There were other things to love about LA apart from the rich diversity. Because Anthea knew nothing about it, she was genuinely delighted by all the tourist attractions and the famous sights. She loved riding on the bus past a long, straight residential street lined by towering palm trees. She loved the strange, thick colors of the air in the mornings and evenings. She loved the way the early morning light shone on the mountains and the strange comfort of the bowl-like feeling to the landscape. She could spend an entire day in a single park or garden, admiring every plant and view. She loved that there were urban trails to explore and hidden walls covered in colorful paintings that changed from month to month. She loved the faded signs, the crumbling bricks, the thick air that distorted everything, she even grew to love the constant sound of cars moving on the streets and highways.
Slowly, her coworkers and the staff at the library began to recognize a strangeness to Anthea, as though she was missing a crucial bit of programming that they all relied on to operate. She didn’t mind, and had learned to dispel most of the strangeness by explaining that she’d been homeschooled by her grandparents, who were very strict. She became a comfortable liar, blending the truth with easy fictions so easily that she almost believed her own backstory. The everyday struggles faded away and she began, for the first time, to feel that she wasn’t just surviving anymore—she was living her live. LA was alive in ways that Anthea had never experienced, and slowly, slowly, she came to life as well.
Despite the years she’d spent the city, acclimating to the constant awareness that she was surrounded by people and noise, Anthea was still always on guard. The life she had lived in the camp had encouraged fear of eternal damnation, suspicion of others, and the worldly things that entered an unguarded heart to pollute it.

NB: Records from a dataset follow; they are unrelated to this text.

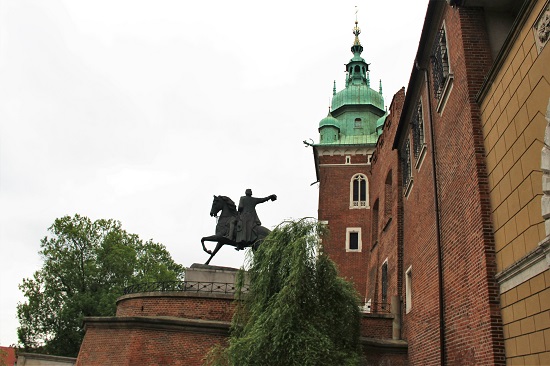 wawel7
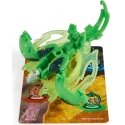 Bakugan komplektas startowy Special Attack Ventri Octagon Trox 3 figurki Bakugan komplektas startowy Special Attack Ventri Octagon Trox 3 figurki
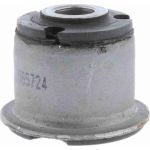 VAICO Lagerung, Lenker V46-9507 VAICO Lagerung, Lenker V46-9507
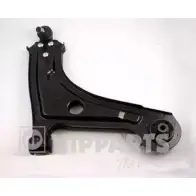 Рычаг подвески NIPPARTS J4910909 2040697 8711768001063 MRU 917G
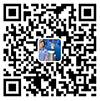 IM电竞 电子竞技平台陕西视频监控智能安防监控安防系统-西安鑫安5A工程公司(图1)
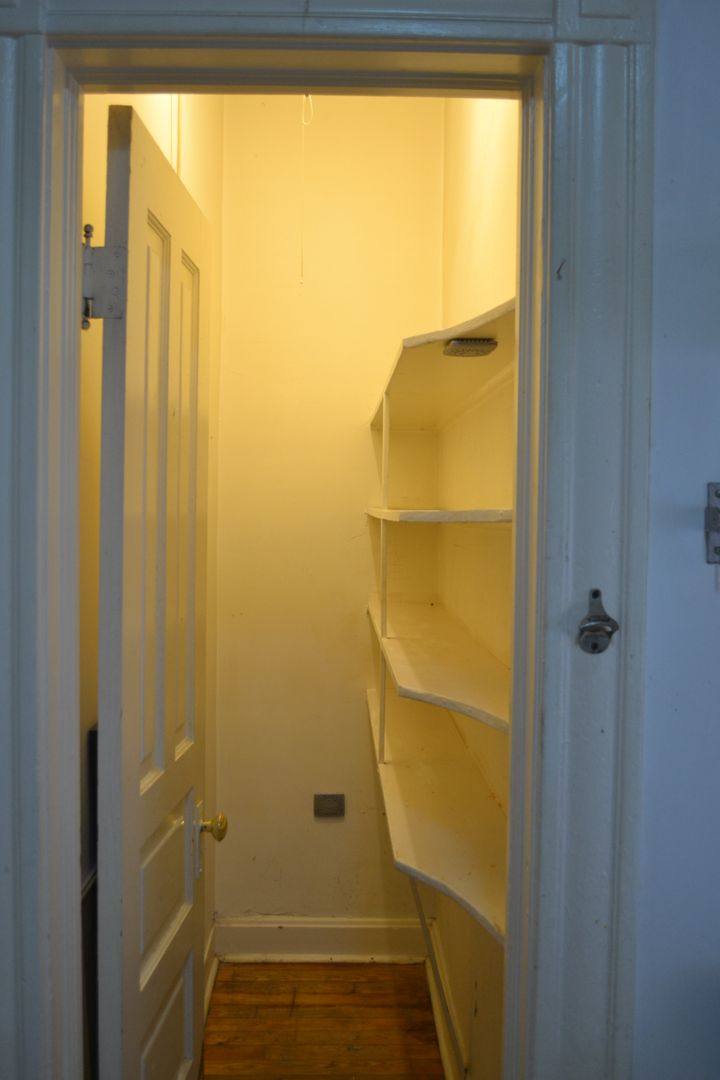 Apartment for rent at 1448 N Maplewood, Chicago, IL 60622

When she left that life behind, her carefully cultivated soul-guard had quickly morphed into real-world practical caution.
She had learned a number of tricks to determine if someone had been in her house while she was out. She learned the many ways that a car could be sabotaged and kept mirrors on a telescopic pole in her purse to check for devices in the undercarriage. She knew she could never truly rely on the LAPD or her FBI caseworkers to protect her, so she took responsibility for her own safety very seriously.

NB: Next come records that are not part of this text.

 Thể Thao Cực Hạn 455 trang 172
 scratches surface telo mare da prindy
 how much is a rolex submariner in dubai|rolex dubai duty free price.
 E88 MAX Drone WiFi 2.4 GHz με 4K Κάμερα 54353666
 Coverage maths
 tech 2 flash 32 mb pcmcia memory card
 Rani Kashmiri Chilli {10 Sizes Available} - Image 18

Her first caseworker had told her the sobering statistics about people who escape from a cult. It was the first time she had ever heard the word ‘cult’, and she paid careful attention to the many ways that the government expected her to fall apart in her newly unmoored existence. Drug abuse, depression, suicide, or even joining another cult. Anthea was having none of that. She enrolled in basic self-defense classes, read up on criminal psychology, cult psychology and deprogramming, even attended a support group for abused women. She never stood out or spoke up, just sat quietly and listened sadly as she learned to recognize the patterns of abusers.

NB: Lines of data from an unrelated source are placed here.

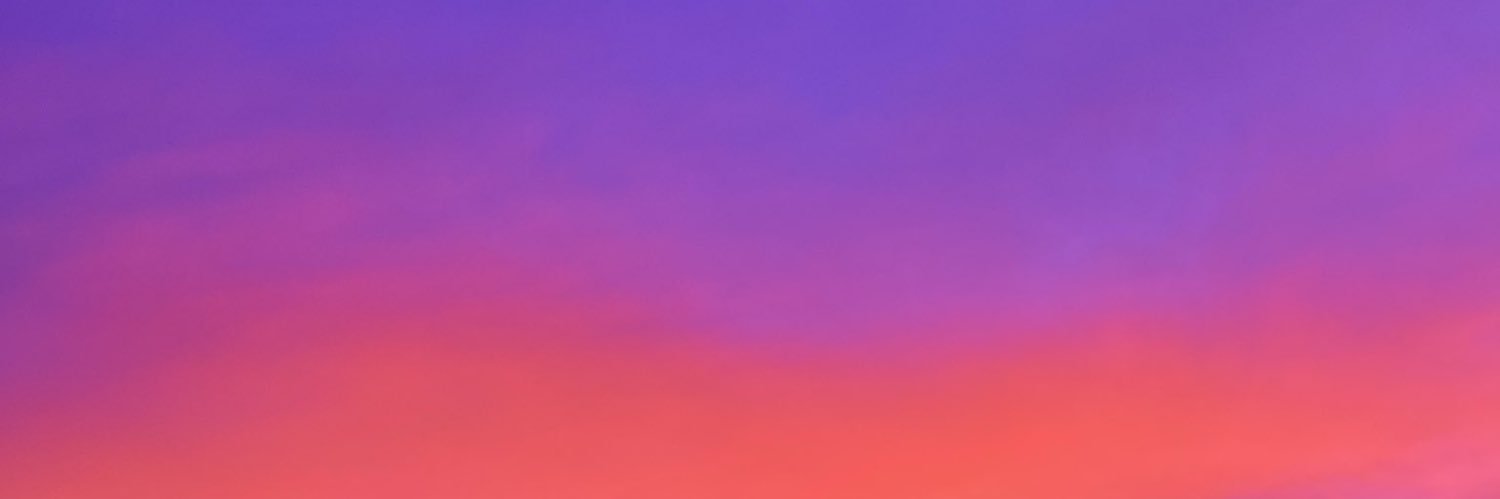 nat 🦋 banner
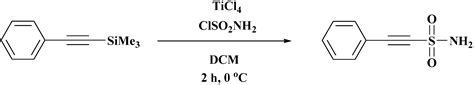 Novel Improved Synthesis of HSP70 Inhibitor, Pifithrin-μ. In Vitro ...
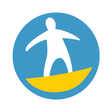 Icône du programme : Tours4Fun Tours & Travel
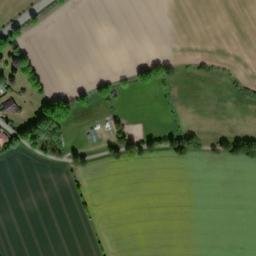 Satellite imagery of Hohenberg, DE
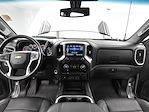 Used 2023 Chevrolet Silverado 2500 LTZ Crew Cab for sale #BD11850T - photo 30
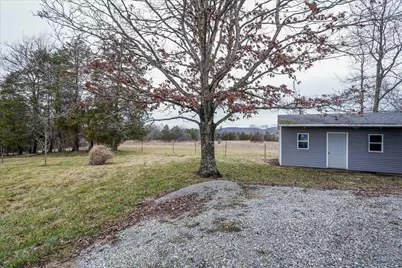 13731 Saw Mill Road, Hillsboro, OH 45133 - Photo 49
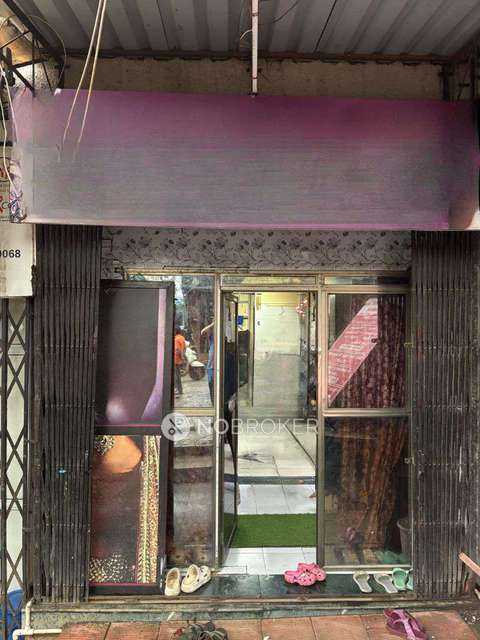 Office Space in Dahisar East, Mumbai for sale 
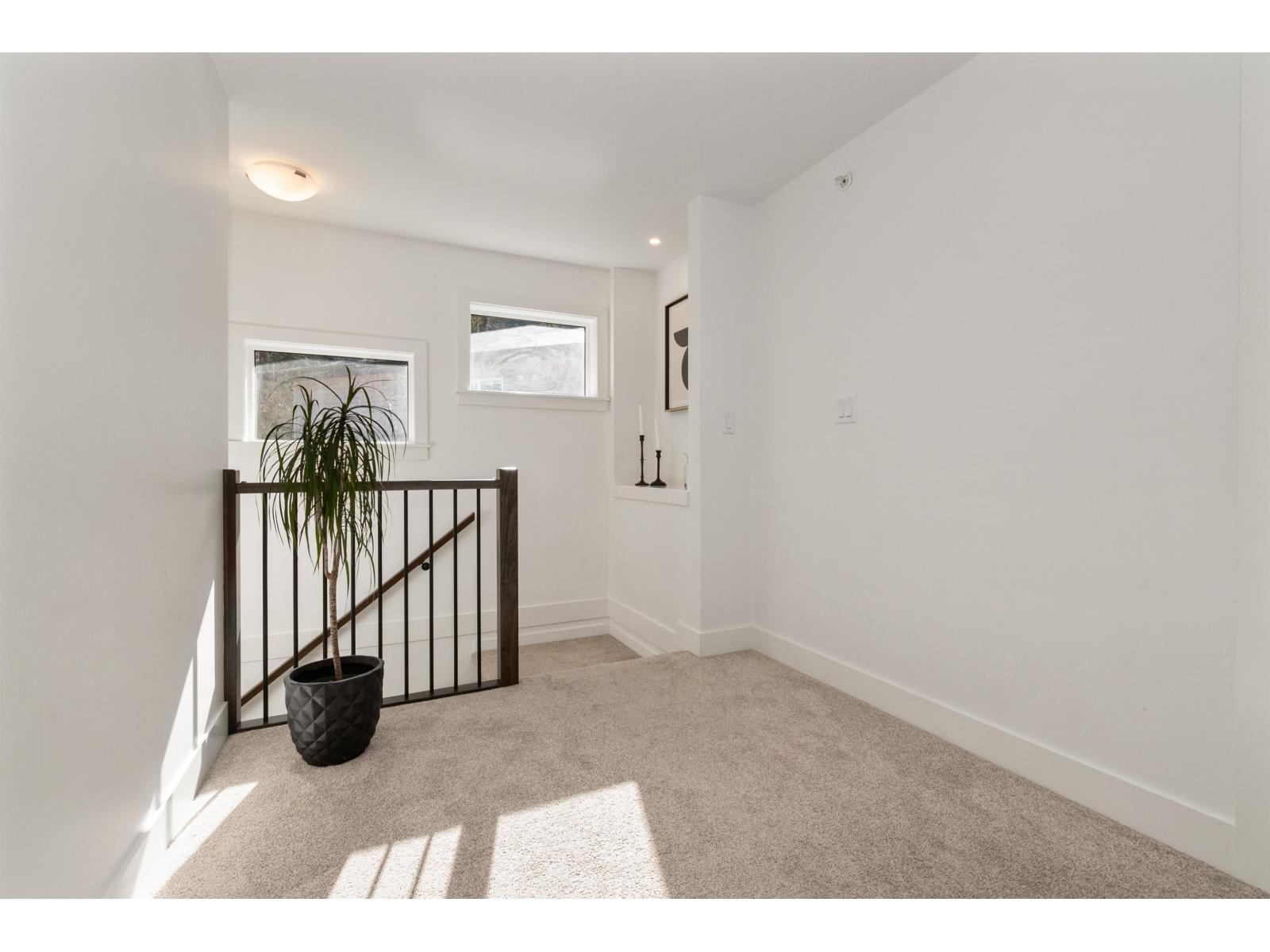 B 50249 Luna Place, Eastern Hillsides, Chilliwack, British Columbia  V4Z 0E1 - Photo 18 - R3107933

Hers was a lifestyle of inconvenience. It meant making sacrifices and choices constantly. Should she park her car where she could see it from inside a building while she was away from it, or away from prying eyes so she could perform her detailed inspections without attracting attention? It meant constantly changing her schedule and her routine but not seeming to. She must perform the same series of actions every day, but she also needed to not be seen to be predictable. So she changed her driving routes, sometimes came home unexpectedly in the middle of the day, made excuses to work remotely or attend trainings in other parts of the city, and, after careful vetting of course, hired various work-people to come to the house at seemingly random times.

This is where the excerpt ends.